BDI Bundesverband der Deutschen Industrie
BDI-Präsident Keitel: Erfolg Deutschlands und seiner Wirtschaft hängen vom Euro und von der Weiterentwicklung Europas ab
Berlin (ots)
BDI-Präsident Keitel: Erfolg Deutschlands und seiner Wirtschaft hängen vom Euro und von der Weiterentwicklung Europas ab - Neuer Eurovertrag mit unabhängigen Institutionen notwendig - Industrie rettet das Wachstum, sieht aber Gefahr durch Finanzmärkte und Politik - Merkel, Rösler und Papandreou zu Gast beim BDI-Tag der Deutschen Industrie
58/2011
27. September 2011
"Der Erfolg Deutschlands und seiner Wirtschaft hängen entscheidend vom Euro und von der Weiterentwicklung Europas ab." Das erklärte Hans-Peter Keitel, Präsident des Bundesverbands der Deutschen Industrie (BDI), am Dienstag in Berlin auf dem BDI-Tag der Deutschen Industrie. Zugesagt haben Bundeskanzlerin Angela Merkel, Bundeswirtschaftsminister Philipp Rösler, SPD-Vorsitzender Sigmar Gabriel, Grünen-Vorsitzender Cem Özdemir und der griechische Ministerpräsident George A. Papandreou.

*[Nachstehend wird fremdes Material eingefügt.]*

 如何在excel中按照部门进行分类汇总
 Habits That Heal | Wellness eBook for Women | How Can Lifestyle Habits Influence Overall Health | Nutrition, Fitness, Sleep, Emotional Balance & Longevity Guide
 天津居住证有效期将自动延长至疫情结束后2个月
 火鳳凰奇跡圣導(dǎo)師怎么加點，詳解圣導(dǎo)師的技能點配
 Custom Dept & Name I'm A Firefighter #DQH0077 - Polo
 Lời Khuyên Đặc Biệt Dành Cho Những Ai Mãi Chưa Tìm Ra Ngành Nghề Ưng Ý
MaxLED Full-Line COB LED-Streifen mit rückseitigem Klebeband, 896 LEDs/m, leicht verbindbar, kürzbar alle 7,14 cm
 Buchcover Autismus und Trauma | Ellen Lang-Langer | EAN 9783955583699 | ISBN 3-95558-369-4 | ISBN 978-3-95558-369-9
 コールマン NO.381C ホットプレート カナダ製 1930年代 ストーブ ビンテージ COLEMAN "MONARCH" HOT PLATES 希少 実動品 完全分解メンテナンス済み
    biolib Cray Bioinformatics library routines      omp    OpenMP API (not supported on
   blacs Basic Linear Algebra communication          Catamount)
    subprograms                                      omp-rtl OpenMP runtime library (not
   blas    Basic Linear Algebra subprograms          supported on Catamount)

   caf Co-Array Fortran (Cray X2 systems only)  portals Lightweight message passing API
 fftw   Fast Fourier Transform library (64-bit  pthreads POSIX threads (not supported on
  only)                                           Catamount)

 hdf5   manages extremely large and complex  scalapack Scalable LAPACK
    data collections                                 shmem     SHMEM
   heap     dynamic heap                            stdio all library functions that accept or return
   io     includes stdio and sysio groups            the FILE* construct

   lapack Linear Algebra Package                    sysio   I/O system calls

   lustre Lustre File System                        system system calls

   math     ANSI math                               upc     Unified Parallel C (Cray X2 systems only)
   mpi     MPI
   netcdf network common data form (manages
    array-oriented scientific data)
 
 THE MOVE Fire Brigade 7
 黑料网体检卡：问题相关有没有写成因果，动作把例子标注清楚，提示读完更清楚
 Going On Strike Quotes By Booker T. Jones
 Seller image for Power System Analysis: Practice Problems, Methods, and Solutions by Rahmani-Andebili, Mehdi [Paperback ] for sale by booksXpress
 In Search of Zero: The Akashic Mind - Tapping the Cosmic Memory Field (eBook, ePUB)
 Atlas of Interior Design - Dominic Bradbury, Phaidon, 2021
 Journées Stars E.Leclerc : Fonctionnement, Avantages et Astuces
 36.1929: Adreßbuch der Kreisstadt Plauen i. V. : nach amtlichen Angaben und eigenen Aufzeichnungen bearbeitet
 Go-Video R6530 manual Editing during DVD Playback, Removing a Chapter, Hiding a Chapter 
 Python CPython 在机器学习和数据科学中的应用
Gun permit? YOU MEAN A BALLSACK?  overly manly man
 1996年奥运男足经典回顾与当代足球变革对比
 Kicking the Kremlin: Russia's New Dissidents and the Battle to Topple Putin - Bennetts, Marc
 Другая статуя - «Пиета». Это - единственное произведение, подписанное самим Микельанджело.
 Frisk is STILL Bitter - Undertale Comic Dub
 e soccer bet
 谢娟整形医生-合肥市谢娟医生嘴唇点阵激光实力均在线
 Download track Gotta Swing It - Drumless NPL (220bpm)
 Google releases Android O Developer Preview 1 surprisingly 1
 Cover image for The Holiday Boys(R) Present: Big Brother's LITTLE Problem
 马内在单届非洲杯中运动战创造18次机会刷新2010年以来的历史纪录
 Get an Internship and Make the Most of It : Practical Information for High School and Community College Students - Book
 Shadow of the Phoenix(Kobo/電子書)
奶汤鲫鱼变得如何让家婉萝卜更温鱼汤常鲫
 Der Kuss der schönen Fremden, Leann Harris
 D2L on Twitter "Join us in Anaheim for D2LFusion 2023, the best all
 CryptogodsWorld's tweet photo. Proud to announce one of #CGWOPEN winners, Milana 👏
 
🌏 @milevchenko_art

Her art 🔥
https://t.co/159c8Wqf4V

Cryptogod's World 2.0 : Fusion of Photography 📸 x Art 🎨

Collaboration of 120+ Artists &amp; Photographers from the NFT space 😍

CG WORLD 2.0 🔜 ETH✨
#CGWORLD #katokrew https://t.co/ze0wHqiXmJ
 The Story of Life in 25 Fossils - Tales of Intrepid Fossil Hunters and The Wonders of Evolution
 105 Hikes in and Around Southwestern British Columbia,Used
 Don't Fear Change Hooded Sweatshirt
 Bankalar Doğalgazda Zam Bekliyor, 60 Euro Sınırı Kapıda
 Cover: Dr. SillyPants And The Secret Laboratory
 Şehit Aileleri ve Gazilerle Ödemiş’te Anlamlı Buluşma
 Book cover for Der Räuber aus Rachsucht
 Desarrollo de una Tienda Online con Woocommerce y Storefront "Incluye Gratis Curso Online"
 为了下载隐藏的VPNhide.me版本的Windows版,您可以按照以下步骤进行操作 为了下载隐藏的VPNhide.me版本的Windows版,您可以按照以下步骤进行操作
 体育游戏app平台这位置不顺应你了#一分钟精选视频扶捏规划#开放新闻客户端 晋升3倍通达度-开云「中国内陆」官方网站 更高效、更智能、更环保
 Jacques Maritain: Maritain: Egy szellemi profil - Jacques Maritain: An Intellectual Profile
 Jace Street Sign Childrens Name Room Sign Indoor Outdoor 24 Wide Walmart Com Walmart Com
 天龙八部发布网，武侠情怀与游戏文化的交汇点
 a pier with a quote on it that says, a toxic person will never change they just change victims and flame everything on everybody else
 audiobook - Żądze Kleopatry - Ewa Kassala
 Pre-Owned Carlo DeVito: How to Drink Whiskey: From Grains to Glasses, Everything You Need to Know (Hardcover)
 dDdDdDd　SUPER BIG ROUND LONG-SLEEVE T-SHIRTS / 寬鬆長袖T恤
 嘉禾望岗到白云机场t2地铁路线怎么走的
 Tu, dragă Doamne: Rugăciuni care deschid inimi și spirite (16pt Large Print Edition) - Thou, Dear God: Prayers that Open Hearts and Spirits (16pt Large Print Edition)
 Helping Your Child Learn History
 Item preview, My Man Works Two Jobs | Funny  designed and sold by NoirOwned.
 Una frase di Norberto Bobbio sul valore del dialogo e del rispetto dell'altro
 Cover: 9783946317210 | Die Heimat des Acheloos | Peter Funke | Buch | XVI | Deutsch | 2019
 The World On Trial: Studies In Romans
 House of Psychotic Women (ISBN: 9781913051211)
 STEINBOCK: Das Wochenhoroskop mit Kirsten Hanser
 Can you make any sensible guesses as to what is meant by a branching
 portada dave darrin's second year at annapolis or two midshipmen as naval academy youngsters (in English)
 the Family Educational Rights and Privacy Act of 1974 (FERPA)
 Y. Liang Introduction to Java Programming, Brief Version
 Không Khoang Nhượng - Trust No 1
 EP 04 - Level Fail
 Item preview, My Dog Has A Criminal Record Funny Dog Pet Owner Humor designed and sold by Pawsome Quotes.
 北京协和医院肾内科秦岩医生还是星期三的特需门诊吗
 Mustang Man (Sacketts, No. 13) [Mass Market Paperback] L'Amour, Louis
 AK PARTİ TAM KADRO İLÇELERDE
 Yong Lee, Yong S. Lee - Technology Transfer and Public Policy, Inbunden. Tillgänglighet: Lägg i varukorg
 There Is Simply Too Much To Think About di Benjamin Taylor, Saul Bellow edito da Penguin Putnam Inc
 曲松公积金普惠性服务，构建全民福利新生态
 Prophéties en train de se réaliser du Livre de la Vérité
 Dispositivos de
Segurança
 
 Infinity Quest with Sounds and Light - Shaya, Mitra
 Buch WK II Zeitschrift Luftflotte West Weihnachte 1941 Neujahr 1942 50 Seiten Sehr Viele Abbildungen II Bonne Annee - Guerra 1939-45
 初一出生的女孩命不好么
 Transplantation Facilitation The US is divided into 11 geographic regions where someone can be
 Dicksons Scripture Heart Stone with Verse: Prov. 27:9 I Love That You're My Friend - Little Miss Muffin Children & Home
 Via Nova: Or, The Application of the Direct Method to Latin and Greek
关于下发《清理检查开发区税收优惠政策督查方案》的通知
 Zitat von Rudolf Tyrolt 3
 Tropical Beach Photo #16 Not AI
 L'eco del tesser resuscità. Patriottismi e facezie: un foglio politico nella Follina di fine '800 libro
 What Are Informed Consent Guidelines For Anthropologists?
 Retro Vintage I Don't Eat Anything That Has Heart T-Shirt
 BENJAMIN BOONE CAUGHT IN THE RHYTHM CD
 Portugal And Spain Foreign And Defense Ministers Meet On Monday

"Die deutsche Wirtschaft ist in guter Verfassung. Aber es hängen dunkle Gewitterwolken von den Finanzmärkten am Himmel. Wir erwarten, dass die Realwirtschaft davonkommt. Das setzt voraus, dass viele Akteure in den nächsten Wochen und Monaten die richtigen Entscheidungen treffen", betonte Keitel. Als nächstes stehe in zwei Tagen die Abstimmung im Bundestag über das Gesetz zur Erweiterung des europäischen Rettungsschirms an. Keitel appellierte an die Bundestagsabgeordneten, dem Gesetz zuzustimmen: "Ohne den erweiterten europäischen Rettungsschirm drohen unkalkulierbare Folgen für die Europäische Union und die gemeinsame Währung."
"Griechenland ist zum Synonym für eine Krise geworden, die oft fälschlicherweise als Euro-Krise bezeichnet wird. Dabei ist nicht der Euro das Problem. Es ist die öffentliche Verschuldung in vielen Ländern", unterstrich Keitel. Die Krise zeige auch den Vertrauensverlust in Regierungen, die dauerhaft mehr Geld ausgeben, als sie einnehmen. "Wir, die Realwirtschaft, rufen Politik und Finanzmarktakteure auf, ihrer Verantwortung gerecht zu werden", so Keitel.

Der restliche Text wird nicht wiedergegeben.